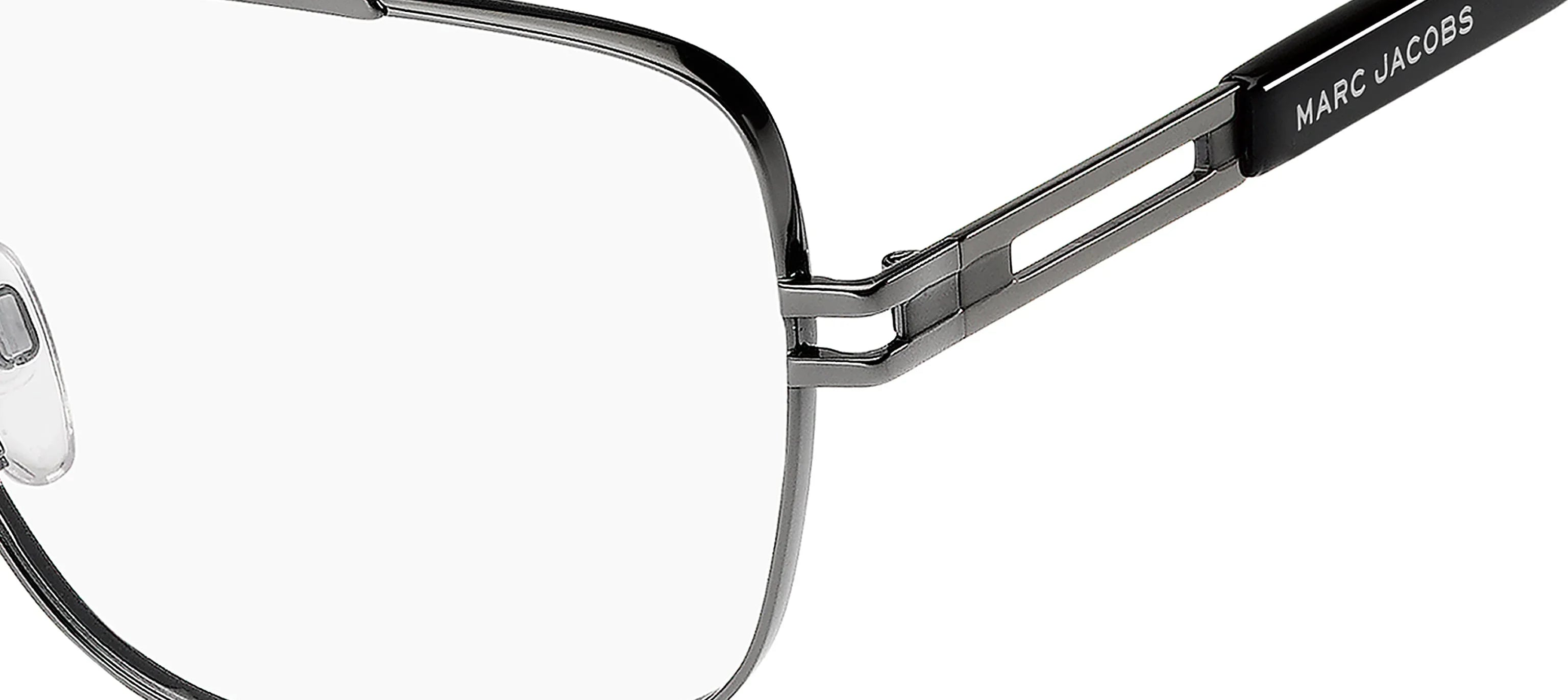 Ανδρικά Γυαλιά Οράσεως Marc Jacobs MARC 838 KJ1 58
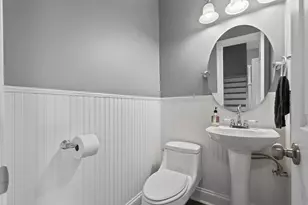 16124 Foliage Ave W, Rosemount, MN 55068 - Photo 7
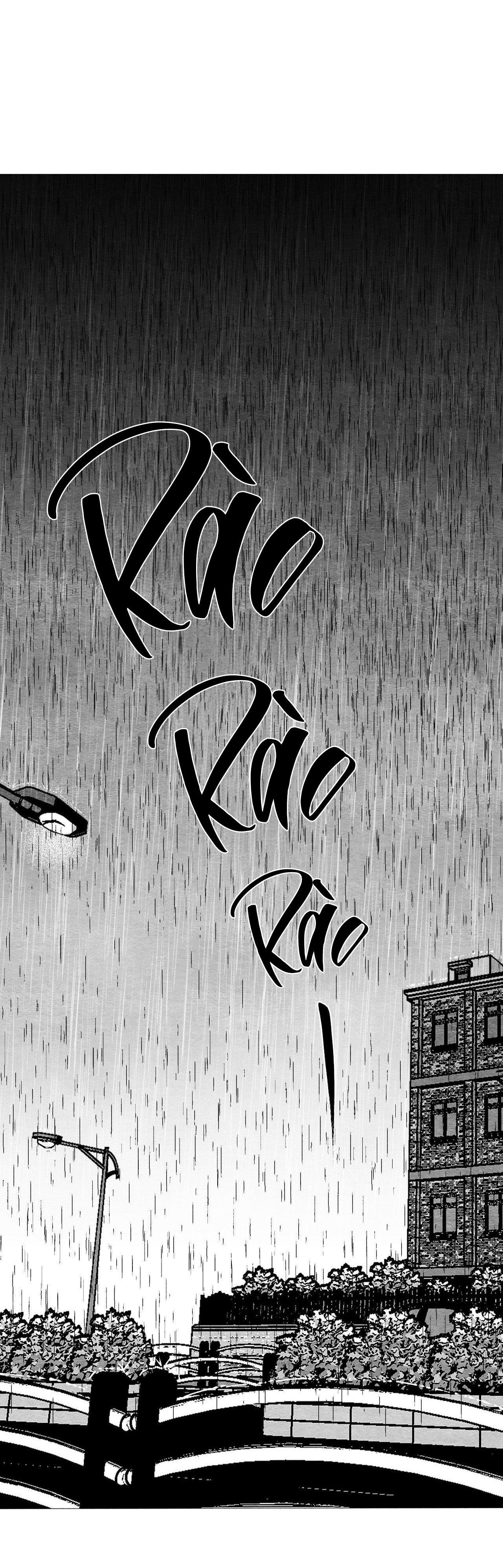 Đọc truyện Vóc Dáng Toàn Mỹ - Chapter 18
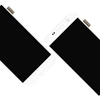 Factory hot sale lcd for Samsung galaxy s7 Digitizer html repair replacement Fast Delivery And
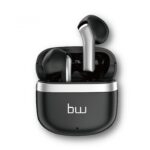 هندزفری بلوتوث bw مدل BW-T5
---
| Instructions to follow |
Would you retype every line shown above exactly, leaving the pictures aside?

| Reply to the task |
 Ανδρικά Γυαλιά Οράσεως Marc Jacobs MARC 838 KJ1 58
 16124 Foliage Ave W, Rosemount, MN 55068 - Photo 7
 Đọc truyện Vóc Dáng Toàn Mỹ - Chapter 18
 Factory hot sale lcd for Samsung galaxy s7 Digitizer html repair replacement Fast Delivery And
 هندزفری بلوتوث bw مدل BW-T5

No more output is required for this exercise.